(Data to use begins)

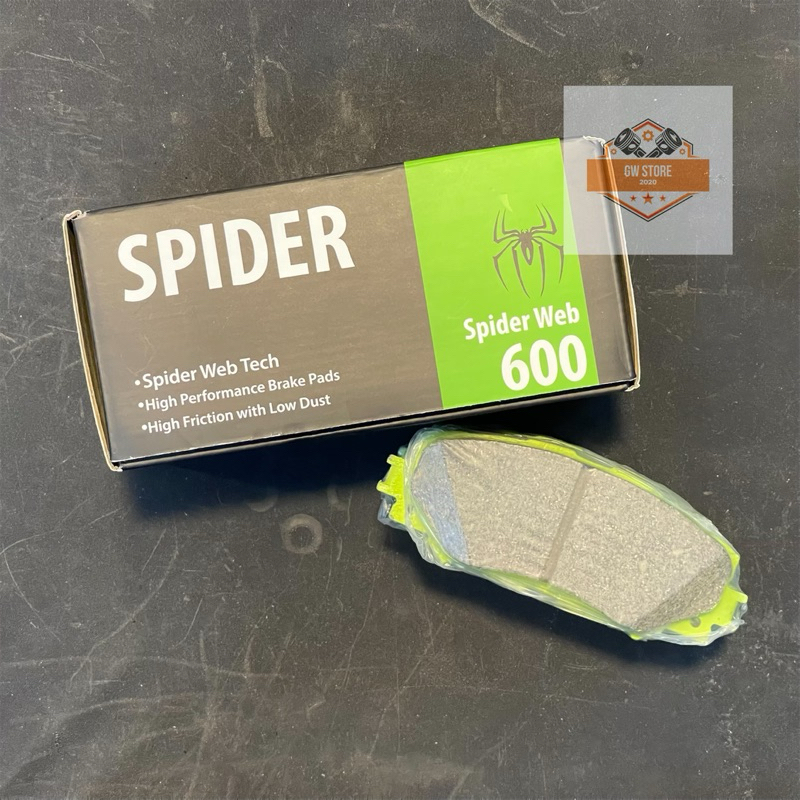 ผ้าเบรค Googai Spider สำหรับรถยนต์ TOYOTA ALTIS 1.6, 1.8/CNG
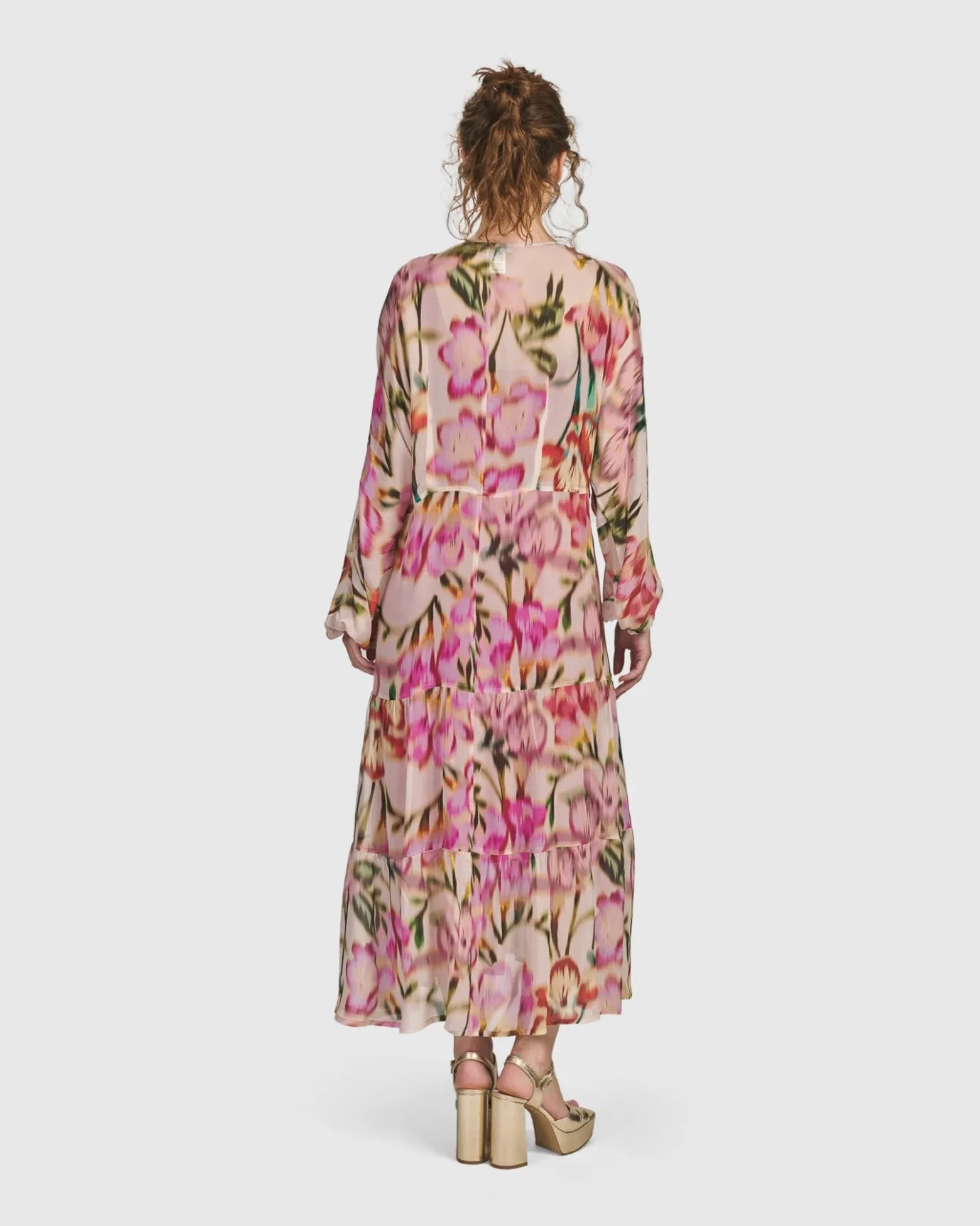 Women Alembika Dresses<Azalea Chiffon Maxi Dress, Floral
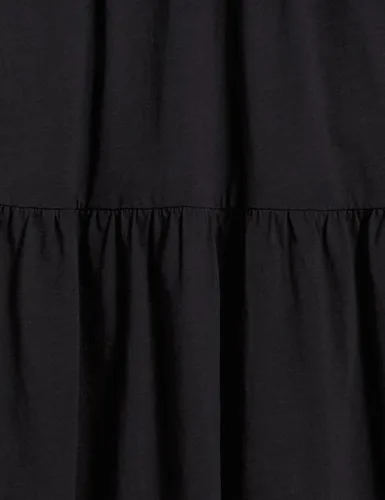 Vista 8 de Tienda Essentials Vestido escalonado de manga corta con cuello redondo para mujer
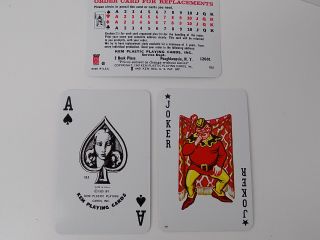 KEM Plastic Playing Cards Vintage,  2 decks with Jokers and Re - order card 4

(Data to use ends)
(Data to use begins)

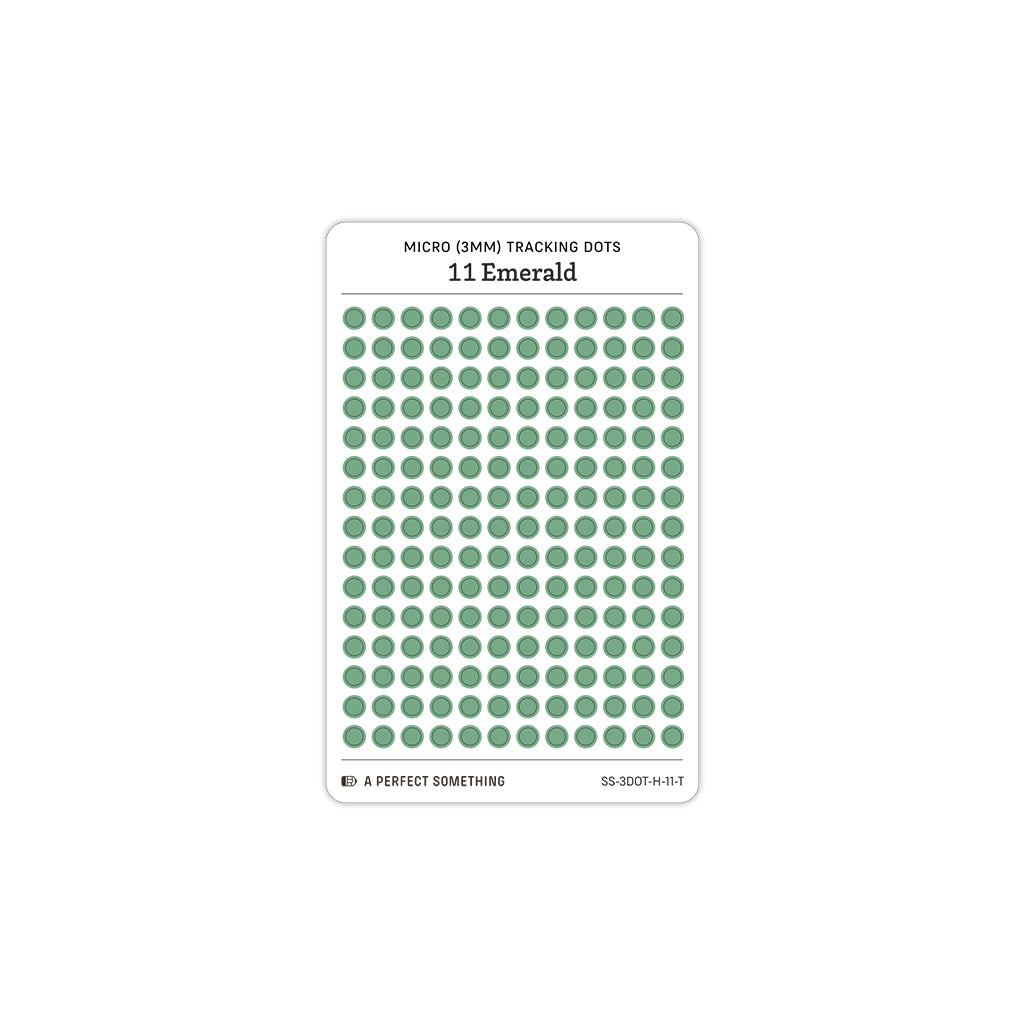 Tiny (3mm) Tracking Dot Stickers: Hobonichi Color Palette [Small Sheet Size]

(Data to use ends)

— Problem statement —
Leave the pictures out. Output, exactly, the lines of the material above starting at the line containing "ผ้าเบรค Googai Spider" and ending at the line containing "KEM Plastic Playing".

— Solved exercise —
 ผ้าเบรค Googai Spider สำหรับรถยนต์ TOYOTA ALTIS 1.6, 1.8/CNG
 Women Alembika Dresses<Azalea Chiffon Maxi Dress, Floral
 Vista 8 de Tienda Essentials Vestido escalonado de manga corta con cuello redondo para mujer
 KEM Plastic Playing Cards Vintage,  2 decks with Jokers and Re - order card 4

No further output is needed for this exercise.